Starts With A Bang podcast #124 - Astrochemistry
Briefly

Starts With A Bang podcast #124 - Astrochemistry
"They can directly collapse to a black hole, they can become core-collapse supernovae, they can be torn apart by tidal cataclysms, they can be subsumed by other, larger stars, or they can die gently, as our Sun will, by blowing off their outer layers in a planetary nebula while their cores contract down to form a degenerate white dwarf. All of the forms of stellar death help enrich the Universe, adding new atoms, isotopes, and even molecules to the interstellar medium:"

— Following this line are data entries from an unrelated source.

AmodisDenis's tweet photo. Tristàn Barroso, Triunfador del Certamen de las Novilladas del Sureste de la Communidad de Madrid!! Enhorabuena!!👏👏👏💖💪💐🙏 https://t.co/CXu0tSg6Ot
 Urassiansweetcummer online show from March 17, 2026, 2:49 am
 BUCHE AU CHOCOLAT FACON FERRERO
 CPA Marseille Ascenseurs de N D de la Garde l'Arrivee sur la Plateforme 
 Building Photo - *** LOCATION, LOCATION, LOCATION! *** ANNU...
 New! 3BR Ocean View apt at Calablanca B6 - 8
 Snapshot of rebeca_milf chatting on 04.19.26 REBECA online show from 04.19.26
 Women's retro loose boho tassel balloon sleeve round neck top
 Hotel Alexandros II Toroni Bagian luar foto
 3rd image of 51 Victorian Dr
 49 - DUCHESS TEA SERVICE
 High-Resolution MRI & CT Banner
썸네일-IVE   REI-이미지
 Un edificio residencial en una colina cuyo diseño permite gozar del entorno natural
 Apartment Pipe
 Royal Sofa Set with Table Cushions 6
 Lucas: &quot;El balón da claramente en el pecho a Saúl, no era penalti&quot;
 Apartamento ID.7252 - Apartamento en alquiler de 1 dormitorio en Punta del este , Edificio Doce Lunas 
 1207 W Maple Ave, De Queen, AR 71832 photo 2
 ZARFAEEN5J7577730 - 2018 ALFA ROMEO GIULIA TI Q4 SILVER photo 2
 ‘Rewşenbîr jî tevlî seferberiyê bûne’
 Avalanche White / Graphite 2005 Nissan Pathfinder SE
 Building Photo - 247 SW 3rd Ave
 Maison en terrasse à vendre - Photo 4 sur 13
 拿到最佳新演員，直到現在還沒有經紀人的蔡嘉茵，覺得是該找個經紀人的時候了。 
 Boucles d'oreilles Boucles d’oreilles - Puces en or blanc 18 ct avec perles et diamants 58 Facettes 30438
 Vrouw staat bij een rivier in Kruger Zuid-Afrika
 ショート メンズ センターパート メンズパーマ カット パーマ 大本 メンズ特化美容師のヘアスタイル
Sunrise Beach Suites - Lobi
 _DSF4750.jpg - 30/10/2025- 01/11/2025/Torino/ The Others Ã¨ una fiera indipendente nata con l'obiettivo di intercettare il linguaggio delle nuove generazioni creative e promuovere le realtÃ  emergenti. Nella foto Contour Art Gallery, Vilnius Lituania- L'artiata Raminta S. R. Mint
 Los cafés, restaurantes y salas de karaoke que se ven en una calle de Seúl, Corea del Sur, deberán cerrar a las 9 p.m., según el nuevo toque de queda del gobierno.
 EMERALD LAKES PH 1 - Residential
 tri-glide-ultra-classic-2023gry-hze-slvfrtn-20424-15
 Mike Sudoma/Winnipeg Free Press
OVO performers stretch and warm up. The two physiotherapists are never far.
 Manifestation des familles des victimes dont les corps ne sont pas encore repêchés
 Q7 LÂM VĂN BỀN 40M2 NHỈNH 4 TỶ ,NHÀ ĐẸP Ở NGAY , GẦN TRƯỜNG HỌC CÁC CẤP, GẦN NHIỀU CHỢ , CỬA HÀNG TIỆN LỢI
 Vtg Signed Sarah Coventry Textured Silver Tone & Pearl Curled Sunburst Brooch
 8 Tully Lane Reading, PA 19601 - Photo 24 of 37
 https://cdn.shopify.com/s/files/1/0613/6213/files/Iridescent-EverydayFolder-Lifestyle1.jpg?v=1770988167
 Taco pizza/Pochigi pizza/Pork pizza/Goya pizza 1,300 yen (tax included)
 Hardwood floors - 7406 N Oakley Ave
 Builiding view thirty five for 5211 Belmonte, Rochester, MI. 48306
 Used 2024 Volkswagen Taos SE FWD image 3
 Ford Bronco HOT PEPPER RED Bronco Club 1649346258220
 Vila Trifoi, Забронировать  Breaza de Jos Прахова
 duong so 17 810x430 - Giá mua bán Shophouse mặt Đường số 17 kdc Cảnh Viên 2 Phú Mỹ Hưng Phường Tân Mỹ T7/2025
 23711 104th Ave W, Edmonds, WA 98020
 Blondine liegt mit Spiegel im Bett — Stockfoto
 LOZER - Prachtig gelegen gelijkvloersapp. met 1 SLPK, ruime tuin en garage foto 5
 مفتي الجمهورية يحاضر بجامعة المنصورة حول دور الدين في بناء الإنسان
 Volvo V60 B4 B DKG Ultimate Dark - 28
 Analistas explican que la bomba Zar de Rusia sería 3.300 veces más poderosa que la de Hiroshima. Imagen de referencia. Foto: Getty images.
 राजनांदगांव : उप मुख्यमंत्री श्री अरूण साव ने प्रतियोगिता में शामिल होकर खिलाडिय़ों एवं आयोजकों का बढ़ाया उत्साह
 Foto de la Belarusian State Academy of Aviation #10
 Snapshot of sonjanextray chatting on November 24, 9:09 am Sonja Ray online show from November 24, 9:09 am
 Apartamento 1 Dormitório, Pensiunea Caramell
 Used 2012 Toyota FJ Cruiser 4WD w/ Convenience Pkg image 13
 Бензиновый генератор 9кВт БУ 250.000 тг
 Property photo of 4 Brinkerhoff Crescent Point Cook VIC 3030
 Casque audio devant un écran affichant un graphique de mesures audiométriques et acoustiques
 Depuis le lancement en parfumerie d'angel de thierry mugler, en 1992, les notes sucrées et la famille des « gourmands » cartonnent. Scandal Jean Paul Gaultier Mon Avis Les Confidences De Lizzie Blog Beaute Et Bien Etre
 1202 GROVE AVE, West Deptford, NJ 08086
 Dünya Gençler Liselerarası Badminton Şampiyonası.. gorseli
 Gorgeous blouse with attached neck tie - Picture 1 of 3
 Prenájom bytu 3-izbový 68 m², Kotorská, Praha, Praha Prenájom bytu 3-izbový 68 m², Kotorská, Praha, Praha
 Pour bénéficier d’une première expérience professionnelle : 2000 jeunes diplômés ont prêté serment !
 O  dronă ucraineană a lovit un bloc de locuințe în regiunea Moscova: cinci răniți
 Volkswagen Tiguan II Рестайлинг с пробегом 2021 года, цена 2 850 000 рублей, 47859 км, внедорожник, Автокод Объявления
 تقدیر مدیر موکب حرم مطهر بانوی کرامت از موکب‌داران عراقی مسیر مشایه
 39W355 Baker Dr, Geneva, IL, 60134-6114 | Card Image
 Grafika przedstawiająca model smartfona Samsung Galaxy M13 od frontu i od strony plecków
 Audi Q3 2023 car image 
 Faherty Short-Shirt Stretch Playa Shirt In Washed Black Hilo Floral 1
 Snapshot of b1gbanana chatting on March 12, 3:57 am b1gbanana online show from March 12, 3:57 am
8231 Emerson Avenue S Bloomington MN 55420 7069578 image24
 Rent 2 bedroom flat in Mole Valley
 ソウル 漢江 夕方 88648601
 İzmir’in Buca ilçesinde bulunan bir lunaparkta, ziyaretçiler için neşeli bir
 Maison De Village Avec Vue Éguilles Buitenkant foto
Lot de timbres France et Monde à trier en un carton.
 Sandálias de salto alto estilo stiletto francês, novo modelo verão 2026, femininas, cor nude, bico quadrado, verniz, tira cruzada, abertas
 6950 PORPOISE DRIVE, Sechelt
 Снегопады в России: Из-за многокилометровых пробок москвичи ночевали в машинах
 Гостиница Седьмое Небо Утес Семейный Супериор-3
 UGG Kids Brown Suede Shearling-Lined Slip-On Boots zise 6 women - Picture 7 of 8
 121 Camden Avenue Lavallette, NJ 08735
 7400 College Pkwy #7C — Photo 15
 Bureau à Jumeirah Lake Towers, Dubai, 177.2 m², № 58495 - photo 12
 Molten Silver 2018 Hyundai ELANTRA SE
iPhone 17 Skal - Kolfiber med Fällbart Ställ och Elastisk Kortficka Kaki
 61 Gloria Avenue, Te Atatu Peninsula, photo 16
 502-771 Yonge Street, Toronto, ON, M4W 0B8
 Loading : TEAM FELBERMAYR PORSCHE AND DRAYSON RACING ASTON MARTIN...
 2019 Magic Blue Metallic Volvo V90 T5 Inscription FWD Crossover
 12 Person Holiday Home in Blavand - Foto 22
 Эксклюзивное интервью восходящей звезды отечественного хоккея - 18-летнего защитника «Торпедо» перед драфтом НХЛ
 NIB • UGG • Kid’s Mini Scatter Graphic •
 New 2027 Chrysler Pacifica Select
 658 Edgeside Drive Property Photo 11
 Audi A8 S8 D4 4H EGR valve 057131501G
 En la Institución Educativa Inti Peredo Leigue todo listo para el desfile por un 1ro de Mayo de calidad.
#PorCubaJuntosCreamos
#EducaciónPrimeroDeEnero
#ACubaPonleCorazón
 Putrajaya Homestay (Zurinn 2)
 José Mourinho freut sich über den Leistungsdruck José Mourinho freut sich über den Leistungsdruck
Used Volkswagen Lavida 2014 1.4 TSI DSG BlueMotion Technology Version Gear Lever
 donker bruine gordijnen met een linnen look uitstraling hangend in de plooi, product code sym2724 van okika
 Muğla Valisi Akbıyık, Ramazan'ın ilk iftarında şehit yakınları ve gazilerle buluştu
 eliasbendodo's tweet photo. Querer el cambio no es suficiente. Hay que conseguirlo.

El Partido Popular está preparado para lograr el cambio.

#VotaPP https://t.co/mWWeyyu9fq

"For a long time, however, we'd made assumptions about where certain species of particles will and won't form, and what types of environments they could and couldn't exist in. Those assumptions were way ahead of where the observations were, however, and as our telescopic and technological capabilities catch up, sometimes what we find surprises us. Sometimes, we find elements in places that we didn't anticipate, leading us to question our theoretical models for how those elements can be made."
Stars die through many pathways including direct collapse to black holes, core-collapse supernovae, tidal disruption, merger/subsumption, or planetary nebulae leaving white dwarfs. Each mode of stellar death injects atoms, isotopes, and molecules into the interstellar medium, providing material for subsequent generations of stars. Long-standing theoretical expectations predicted where specific species could form and which environments could host them. Rapid improvements in telescopes and instrumentation have produced observations that contradict those expectations. Detection of unexpected elements and molecules in hostile or unpredicted environments exposes deficiencies in nucleosynthesis and astrochemical models and drives revision and new investigation.